If he were on the older end of that window, he might have been 15-20yrs beyond Mary’s age, which would also easily explain why tradition has it that he died before Jesus. If he was 35 when they were married, it would be rather plausible that he’d have died in his 50’s to early sixties, before Jesus death. He certainly would have appeared grey-haired long before Mary if she was 15-20yrs his junior.
In this scenario, he wouldn’t be an old man when they were married, but significantly older than Mary. Still young enough for any abstinence required to be very meaningful. But, also old enough to have a greater stability with his sexuality, his hormones, desires, and the intimacy available to him within his own prayer life – intimate enough to accept the dreamworld of an angel!

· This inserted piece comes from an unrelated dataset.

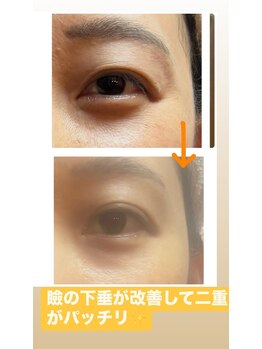 ハーモニー(Harmony)/瞼切ったり縫ったりする前に！！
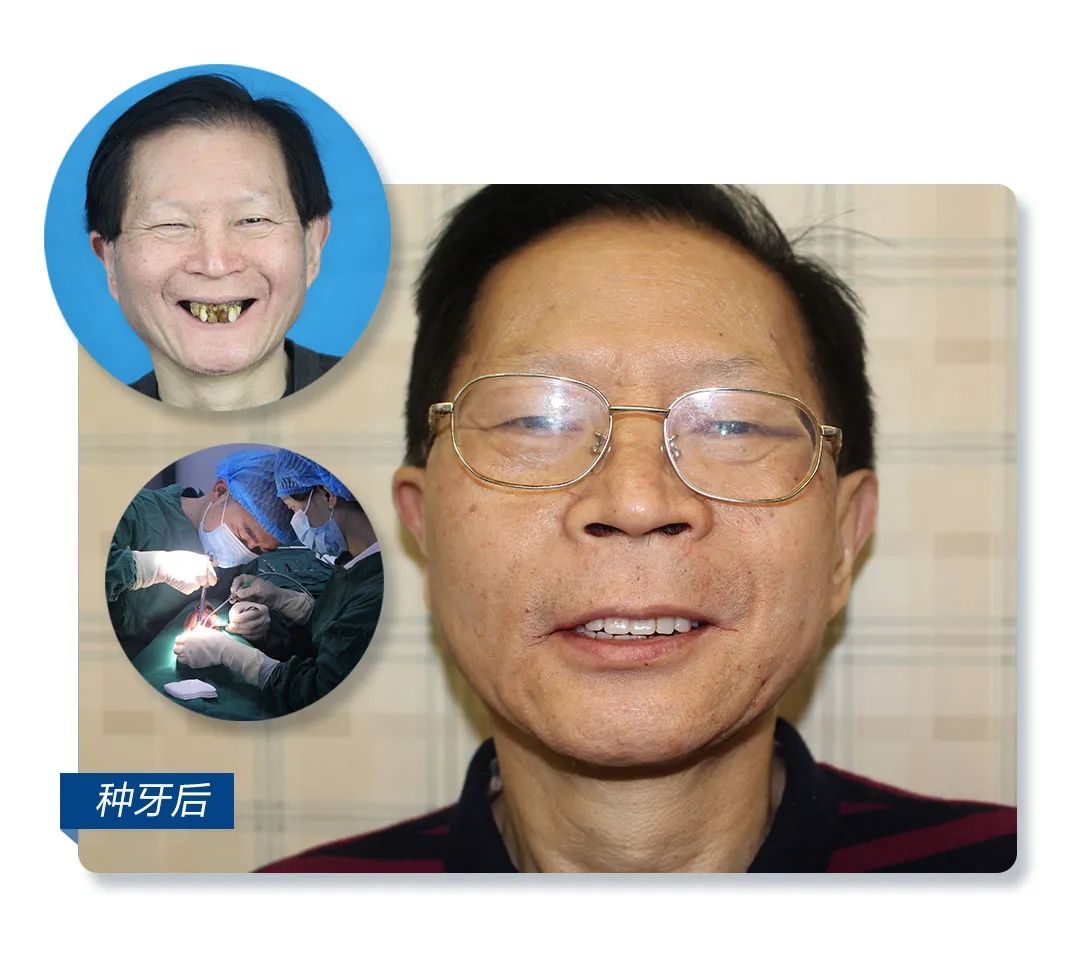 32岁男子几乎牙齿掉光,20岁小伙牙齿掉光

That’s my speculation, and I’m sticking to it. 🙂
Realized I have a following thought about Mary’s perpetual virginity and its importance. I would also speculate that a deeper understanding was given/explained to Joseph by the angel, why the “overshadowing by the Holy Spirit” aspect of the conception of Jesus was so important. If there was any physical sexual relationship between Mary and Joseph, that activity could have cast great doubt on whether or not Mary had been impregnated by the Holy Spirit alone to conceive Christ. To my mind this matters because as humans we put so much emphasis on a biological sexual relationship in the procreation of new life. I believe God really wanted to help us reset the emphasis on how procreation, the beginnings & fostering of new life really occurs. It’s a reset that we still have not fully made as humans. We still think in terms of an either a theology of the body or a theology of the spirit. Only rarely do we fully engage in a theology of both body and spirit together. But, I believe that is what God keeps attempting to bring us into engaging with throughout the liturgical year.
Good morning Rick,
I love this! So as I read it, it struck me that you embody “becoming incarnate” more than anyone I know. I have always been in awe of your intelligence but even more, your spiritual self. I know only less than a handful of people who I would say that about. Being in their presence gives me such a sense of serenity and peace. I can’t say that they don’t have flaws, but are a different type of spiritual. Since we are not “exactly” our parents….it seems to make sense that there may be some genetic component to ones ability to mature in their spirituality.
Thank you for the thought provoking meditations. Have a very merry and blessed Christmas!